▶ PROMPT
Print every line below that comes at or after the line containing "2022年中考金卷中考試題精編物理江西專版 參考答案第17頁", exactly as written.

---------- MATERIAL FOR THE TASK ----------

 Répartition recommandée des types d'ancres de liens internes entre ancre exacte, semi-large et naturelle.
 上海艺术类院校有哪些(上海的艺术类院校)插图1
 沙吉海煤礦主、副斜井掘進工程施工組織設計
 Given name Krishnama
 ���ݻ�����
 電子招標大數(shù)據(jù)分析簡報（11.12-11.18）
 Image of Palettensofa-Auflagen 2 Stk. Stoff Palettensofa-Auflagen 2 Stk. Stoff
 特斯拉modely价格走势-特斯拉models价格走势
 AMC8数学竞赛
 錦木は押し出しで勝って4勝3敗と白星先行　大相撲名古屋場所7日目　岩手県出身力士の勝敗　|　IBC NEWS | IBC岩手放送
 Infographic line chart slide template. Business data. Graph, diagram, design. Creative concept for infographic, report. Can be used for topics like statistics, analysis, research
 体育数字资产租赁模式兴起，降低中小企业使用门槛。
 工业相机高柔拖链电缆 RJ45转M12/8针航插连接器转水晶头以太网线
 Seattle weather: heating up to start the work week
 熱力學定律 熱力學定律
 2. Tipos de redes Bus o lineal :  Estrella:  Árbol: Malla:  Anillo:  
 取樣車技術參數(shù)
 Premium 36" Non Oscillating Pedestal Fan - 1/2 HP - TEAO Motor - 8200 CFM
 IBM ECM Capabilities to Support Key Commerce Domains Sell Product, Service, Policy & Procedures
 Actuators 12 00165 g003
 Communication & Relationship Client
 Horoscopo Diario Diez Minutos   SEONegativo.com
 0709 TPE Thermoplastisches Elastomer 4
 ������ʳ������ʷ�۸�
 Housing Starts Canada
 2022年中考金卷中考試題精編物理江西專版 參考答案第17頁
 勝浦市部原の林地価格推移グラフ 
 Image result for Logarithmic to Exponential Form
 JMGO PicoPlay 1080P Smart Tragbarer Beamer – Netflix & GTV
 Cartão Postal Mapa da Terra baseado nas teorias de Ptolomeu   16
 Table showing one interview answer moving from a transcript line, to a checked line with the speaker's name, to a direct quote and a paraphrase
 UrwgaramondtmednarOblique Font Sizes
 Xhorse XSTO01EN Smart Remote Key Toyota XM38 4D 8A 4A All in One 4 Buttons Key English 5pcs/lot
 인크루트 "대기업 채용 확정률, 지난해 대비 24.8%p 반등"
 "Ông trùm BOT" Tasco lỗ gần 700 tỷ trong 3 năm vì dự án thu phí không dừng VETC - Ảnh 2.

----------

▶ RESPONSE AREA
 2022年中考金卷中考試題精編物理江西專版 參考答案第17頁
 勝浦市部原の林地価格推移グラフ 
 Image result for Logarithmic to Exponential Form
 JMGO PicoPlay 1080P Smart Tragbarer Beamer – Netflix & GTV
 Cartão Postal Mapa da Terra baseado nas teorias de Ptolomeu   16
 Table showing one interview answer moving from a transcript line, to a checked line with the speaker's name, to a direct quote and a paraphrase
 UrwgaramondtmednarOblique Font Sizes
 Xhorse XSTO01EN Smart Remote Key Toyota XM38 4D 8A 4A All in One 4 Buttons Key English 5pcs/lot
 인크루트 "대기업 채용 확정률, 지난해 대비 24.8%p 반등"
 "Ông trùm BOT" Tasco lỗ gần 700 tỷ trong 3 năm vì dự án thu phí không dừng VETC - Ảnh 2.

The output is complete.